+++ Provided records
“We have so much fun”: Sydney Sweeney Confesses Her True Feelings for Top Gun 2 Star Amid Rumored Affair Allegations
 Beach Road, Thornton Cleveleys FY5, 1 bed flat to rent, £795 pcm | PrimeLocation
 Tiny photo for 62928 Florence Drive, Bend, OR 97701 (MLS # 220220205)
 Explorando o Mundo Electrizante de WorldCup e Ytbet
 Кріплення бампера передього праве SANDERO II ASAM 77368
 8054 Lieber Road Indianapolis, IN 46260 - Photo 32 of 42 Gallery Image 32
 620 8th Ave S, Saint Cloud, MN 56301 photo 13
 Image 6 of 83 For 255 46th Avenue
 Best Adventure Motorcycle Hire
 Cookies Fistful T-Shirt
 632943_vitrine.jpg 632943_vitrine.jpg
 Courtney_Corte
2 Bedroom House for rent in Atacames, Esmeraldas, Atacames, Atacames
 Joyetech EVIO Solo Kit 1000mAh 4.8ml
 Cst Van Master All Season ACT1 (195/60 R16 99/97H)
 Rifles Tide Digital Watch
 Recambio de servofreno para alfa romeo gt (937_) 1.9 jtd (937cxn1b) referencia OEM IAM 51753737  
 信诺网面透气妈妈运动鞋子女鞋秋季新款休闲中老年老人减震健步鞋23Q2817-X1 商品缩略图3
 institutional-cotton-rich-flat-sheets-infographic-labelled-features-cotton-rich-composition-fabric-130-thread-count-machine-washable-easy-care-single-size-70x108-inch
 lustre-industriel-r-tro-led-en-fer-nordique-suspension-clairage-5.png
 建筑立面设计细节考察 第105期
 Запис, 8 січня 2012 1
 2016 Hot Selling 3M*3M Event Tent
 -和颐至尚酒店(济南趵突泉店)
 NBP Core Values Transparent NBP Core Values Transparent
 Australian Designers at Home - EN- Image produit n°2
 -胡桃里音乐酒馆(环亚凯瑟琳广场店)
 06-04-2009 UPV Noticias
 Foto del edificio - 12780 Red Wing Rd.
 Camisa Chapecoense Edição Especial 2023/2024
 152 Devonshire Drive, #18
++++++
▶ _What to do_:
In the listing above, find the line containing "2 Bedroom House" and the line containing "信诺网面透气妈妈运动鞋子女鞋", then retype both and every line between them exactly, with nothing else.

▶ _Exercise solution_:
2 Bedroom House for rent in Atacames, Esmeraldas, Atacames, Atacames
 Joyetech EVIO Solo Kit 1000mAh 4.8ml
 Cst Van Master All Season ACT1 (195/60 R16 99/97H)
 Rifles Tide Digital Watch
 Recambio de servofreno para alfa romeo gt (937_) 1.9 jtd (937cxn1b) referencia OEM IAM 51753737  
 信诺网面透气妈妈运动鞋子女鞋秋季新款休闲中老年老人减震健步鞋23Q2817-X1 商品缩略图3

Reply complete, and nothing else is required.